Vous affirmez que le « christianisme positif », cette « parodie d’Eglise », aurait été le seul christianisme acceptable aux yeux des nazis. Oubliez-vous le Concordat ? Qualifieriez-vous également de "parodie d’Eglise" l’Eglise qui signa avec Mussolini, qui supporta Franco, Salazar ou Pinochet ? Quant à « Mit Brennender Sorge », elle condamne d’autant moins l’antisémitisme qu’elle reprend l’accusation de peuple déicide : "[Le] Christ […] a reçu son humaine nature d’un peuple qui devait le crucifier." (Mit Brennender Sorge, § 19).

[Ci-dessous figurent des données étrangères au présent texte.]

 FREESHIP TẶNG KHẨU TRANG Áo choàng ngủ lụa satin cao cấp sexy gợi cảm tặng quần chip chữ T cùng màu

Vous dites en conclusion qu’on ne peut attribuer au nazisme une quelconque origine catholique, au sens doctrinal du terme. Tout dépend ce que vous mettez dans la doctrine. Vérité unique, peuple élu, messianisme, refus du pluralisme, parti unique, centralisme, diabolisation de l’ennemi, police de la pensée, etc. : autant de paradigmes inventés par la tradition judéo-chrétienne (je serais très intéressé si vous pouvez les trouver dans une religion antérieure à cette tradition) et qui feront l’armature des régimes totalitaires. Les idéologies totalitaires ne sont certainement pas chrétiennes, mais de filiation chrétienne, comme l’ont développé les tenants de la thèse des "religions séculières", de Raymond Aron à Jacques Pous, en passant par nombre d’anciens communistes.

Il ne faut confondre lion et antilope dites-vous :

Lion ou antilope Pie XI se félicitant de trouver en Hitler "le premier et le seul homme d’état à avoir […] condamné et combattu le communisme" [1] ?

Lion ou antilope les évêques allemands adressant à leurs concitoyens une lettre pastorale indiquant : "Le chef suprême et chancelier Adolf Hitler a vu venir de loin l’entrée en ligne du bolchévisme, et il a mis sa réflexion et ses soins à organiser la défense de notre peuple allemand et de l’ensemble de l’Occident face à cet immense danger. La majorité des évêques allemands considéra comme de leur devoir de soutenir par tous leurs moyens la plus haute autorité de l’état dans cette lutte décisive« et implorant »la bénédiction du Ciel pour l’œuvre du Führer" ?

Lion ou antilope le cardinal Bertram déclarant en chaire pour l’anniversaire d’Hitler : "Seul peut mesurer la profondeur de nos soucis celui qui pressent quelle calamité vivrait notre patrie sous la coupe du bolchévisme menaçant, et celui qui connaît la radicalité d’opposition entre le bolchévisme et la religion catholique" ?

Lion ou antilope Escriva de Balaguer (1902-1975), fondateur de l’Opus Dei, béatifié par Jean-Paul II, confirmant : "Hitler contre les Juifs, Hitler contre les slaves, c’était Hitler contre le communisme."[2]  ?

 

 


[1] Allocution papale Iterum vos, 1933, cité dans Pie XI le pape qui ordonna le ralliement à Hitler, F. Desmurs, Ed. Golias, 2008.

[2] Propos rapporté par Vladimir Felzmann, ancien membre de l’Opus, in La troublante ascension de l’Opus Dei, François Normand, Le Monde Diplomatique, 09.1995.